"Obama accused of neglecting India
By Amy Kazmin in New Delhi
Published: June 7 2009 18:54 | Last updated: June 7 2009 18:54
President Barack Obama appears less interested in pursuing a “special relationship” with India than his predecessor as US leader, says Kashmir’s chief minister.
Omar Abdullah says this state of affairs reduces the likelihood that Washington can nudge New Delhi and Islamabad to resolve their decades-old conflict over the troubled state.
While campaigning for the US presidency last year, Mr Obama said one of his “critical tasks” would be to help settle the poisonous Kashmir dispute, as part of the wider effort to stabilise south Asia, including Afghanistan.
His words provoked expectations among the disgruntled, mostly-Muslim residents of Indian-administered Kashmir that Washington would try to broker a deal to end a conflict that has claimed about 70,000 lives, mostly civilians, and left 500,000 Indian troops, there.
But Mr Obama’s words raised hackles in New Delhi and were described by Selig Harrison, a top US expert on Asia, as Mr Obama’s “first big foreign policy mistake”. India’s national security adviser was sufficiently affronted to warn the new president last February against “barking up the wrong tree”.

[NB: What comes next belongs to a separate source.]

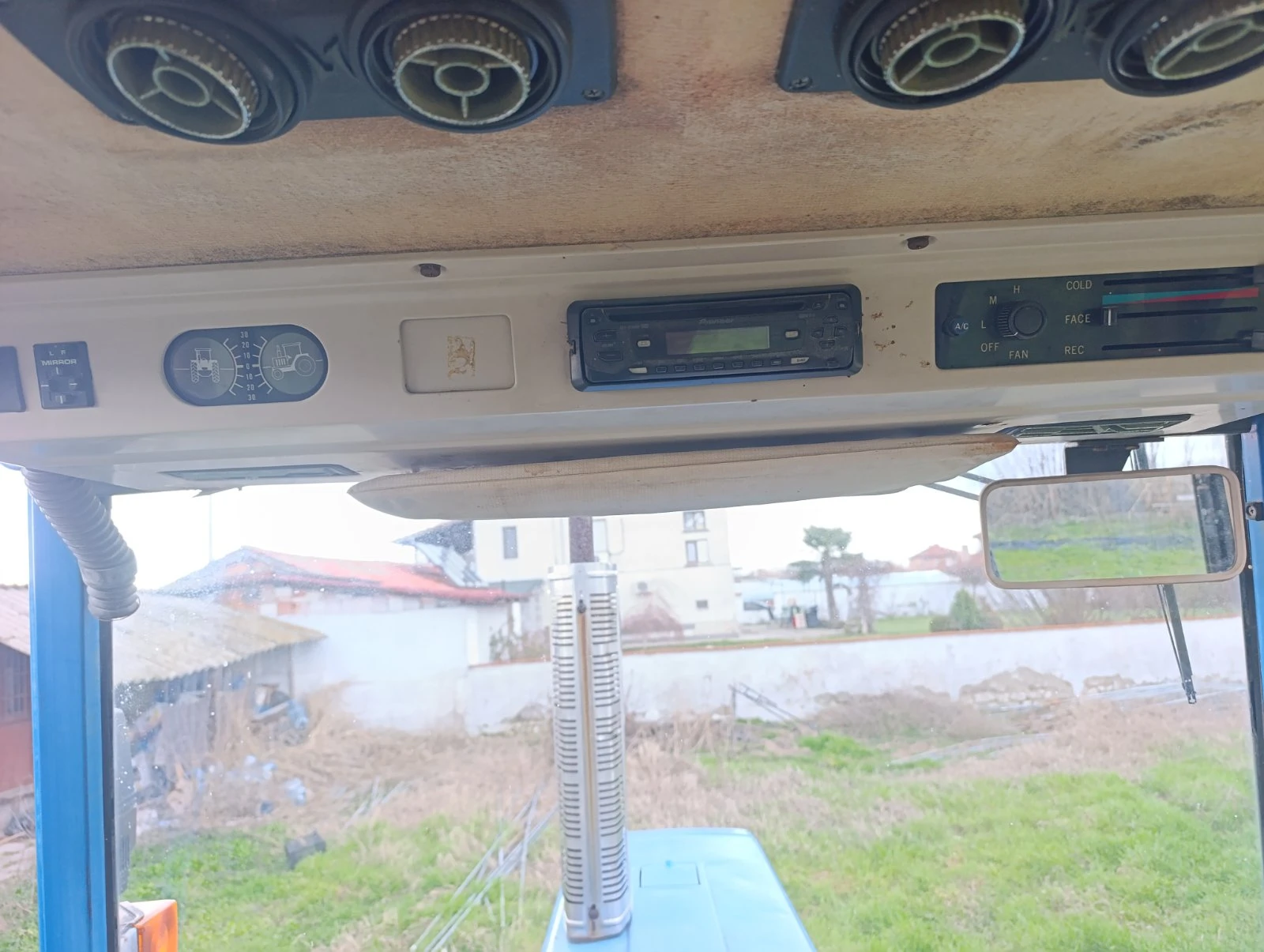 Трактор Болгар T8010 4х4, снимка 14 - Селскостопанска техника - 54965031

Now Mr Abdullah, the 39-year-old scion of Kashmir’s most prominent political dynasty, says he sees little sign of Mr Obama’s administration taking sustained interest in the divided province, where resentment at India’s heavy military presence erupted in violent protests last week.

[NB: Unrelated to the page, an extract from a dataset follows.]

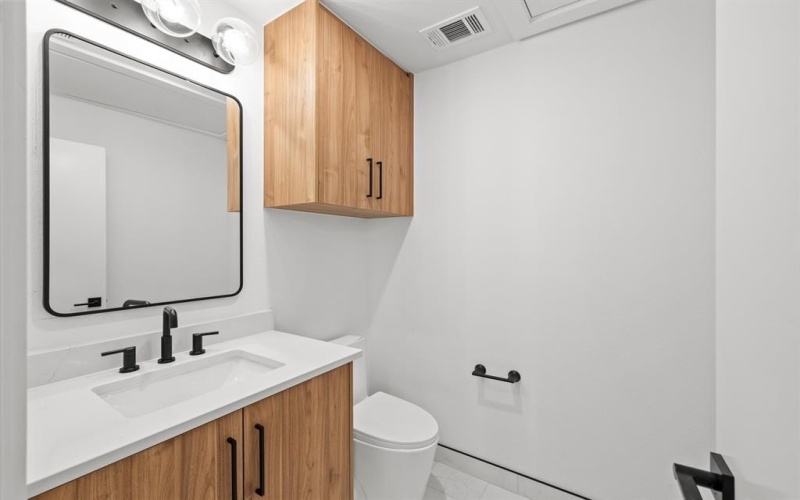 2323 N Carroll Avenue, Dallas, TX 75204, 4 Habitaciones Habitaciones , ,2 BañosBaños,Residential,En Venta,2323 N Carroll Avenue,0,21039458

“I don’t think Kashmir will be a very important factor in the direction of Indo-US relations,” Mr Abdullah told the Financial Times in his heavily guarded Srinagar office. “Priorities in the White House will determine the relationship.”

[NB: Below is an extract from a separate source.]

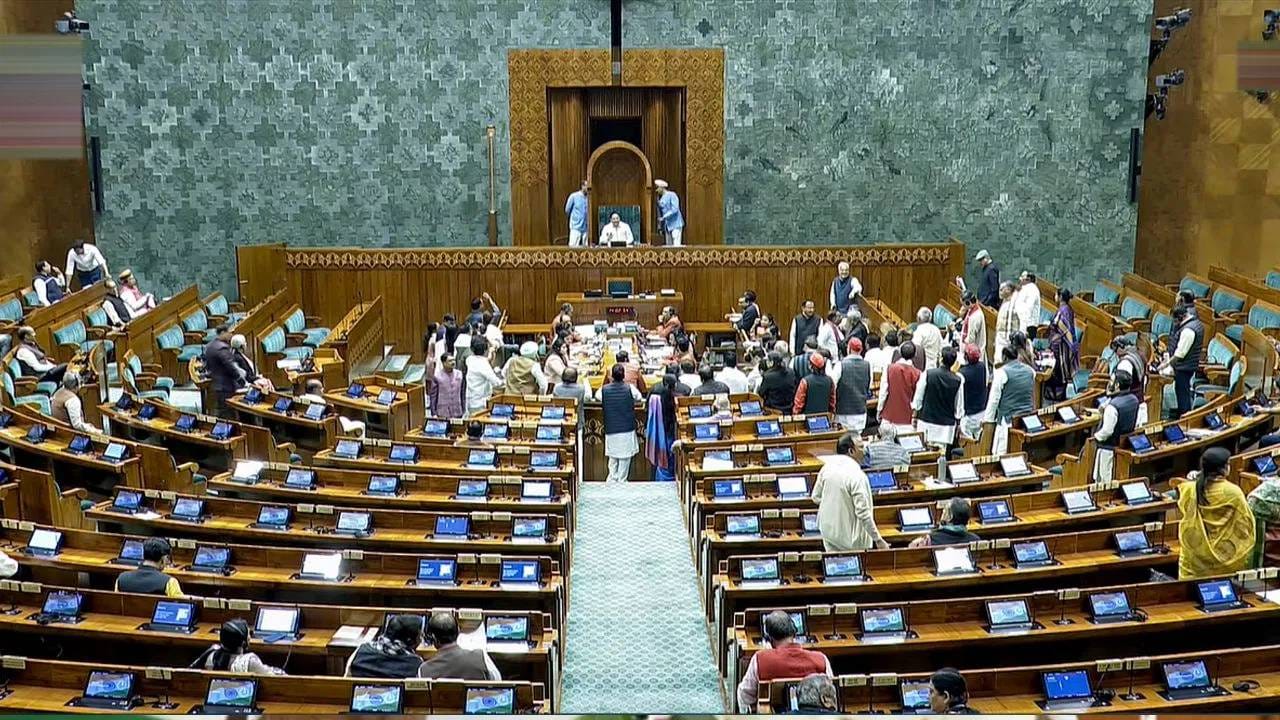 बॉस गेला उडत... घरी गेल्यावर आता बॉसचा मेल आणि फोन उचलणं बंधनकारक नाही, नवं विधेयक संसदेत सादर; काय आहे त्यात? बॉस गेला उडत... घरी गेल्यावर आता बॉसचा मेल आणि फोन उचलणं बंधनकारक नाही, नवं विधेयक संसदेत सादर; काय आहे त्यात?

He added: “Already there is a sense that is developing that perhaps India is not as important in President Obama’s scheme of things as it was in President George Bush’s scheme of things.
“Perhaps President Obama doesn’t see the strategic need for this relationship as much as President Bush did.”
India and Pakistan have thrice warred over Kashmir, and both have troops massed along the line of control dividing the province.
Islamabad has backed a separatist insurgency against India there. The two governments neared a settlement before Pakistan’s Pervez Musharraf lost power, but relations have deteriorated since last November’s terror attacks in Mumbai.
Washington is keen for New Delhi to reduce its troop presence in Kashmir to encourage Islamabad to redeploy more of its troops to the struggle against domestic militancy. However, Mr Abdullah said troop reductions were unlikely in the current climate, with militants still trying to cross from Pakistan into Indian-controlled Kashmir.
“You cannot expect the government of India to withdraw the troops in the kind of number that is being suggested with the attempts at infiltration into Kashmir being what they are,” he said. “It has to be determined by India’s own security and strategic concerns.”
Mr Abdullah said prospects for dialogue between India and Pakistan would be helped by “greater stability across the border” and that he would still push for renewed talks, despite his low expectations of progress.
“At some point, we are going to have to start talking to each other again,” he said. “There are just too many issues that are hanging fire, and they need to be resolved.”